Wherever a line of the listing holds the string "showing", copy that line.

(DATA FOR PROCESSING begins)

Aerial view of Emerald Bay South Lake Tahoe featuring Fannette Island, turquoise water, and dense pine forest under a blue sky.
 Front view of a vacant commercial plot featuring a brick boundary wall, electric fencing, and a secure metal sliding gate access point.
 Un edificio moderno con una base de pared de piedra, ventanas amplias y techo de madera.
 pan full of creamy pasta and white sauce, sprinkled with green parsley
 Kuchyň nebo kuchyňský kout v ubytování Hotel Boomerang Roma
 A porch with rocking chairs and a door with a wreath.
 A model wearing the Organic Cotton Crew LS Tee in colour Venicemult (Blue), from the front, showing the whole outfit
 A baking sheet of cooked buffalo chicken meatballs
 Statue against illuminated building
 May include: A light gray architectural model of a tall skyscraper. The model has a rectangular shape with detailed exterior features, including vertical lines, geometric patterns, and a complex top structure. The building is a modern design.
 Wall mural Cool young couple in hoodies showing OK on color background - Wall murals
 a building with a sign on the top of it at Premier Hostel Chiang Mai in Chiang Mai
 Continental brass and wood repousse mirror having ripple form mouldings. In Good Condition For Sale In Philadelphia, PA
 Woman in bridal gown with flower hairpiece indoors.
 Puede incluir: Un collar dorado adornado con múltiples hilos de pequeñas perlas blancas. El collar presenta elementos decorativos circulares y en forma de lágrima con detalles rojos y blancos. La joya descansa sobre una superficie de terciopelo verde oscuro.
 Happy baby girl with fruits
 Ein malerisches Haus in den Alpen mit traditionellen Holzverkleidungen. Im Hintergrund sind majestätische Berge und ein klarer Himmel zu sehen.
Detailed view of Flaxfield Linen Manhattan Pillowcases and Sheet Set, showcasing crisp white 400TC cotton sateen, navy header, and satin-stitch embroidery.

(DATA FOR PROCESSING ends)

→ WRITTEN SOLUTION
 A model wearing the Organic Cotton Crew LS Tee in colour Venicemult (Blue), from the front, showing the whole outfit
 Wall mural Cool young couple in hoodies showing OK on color background - Wall murals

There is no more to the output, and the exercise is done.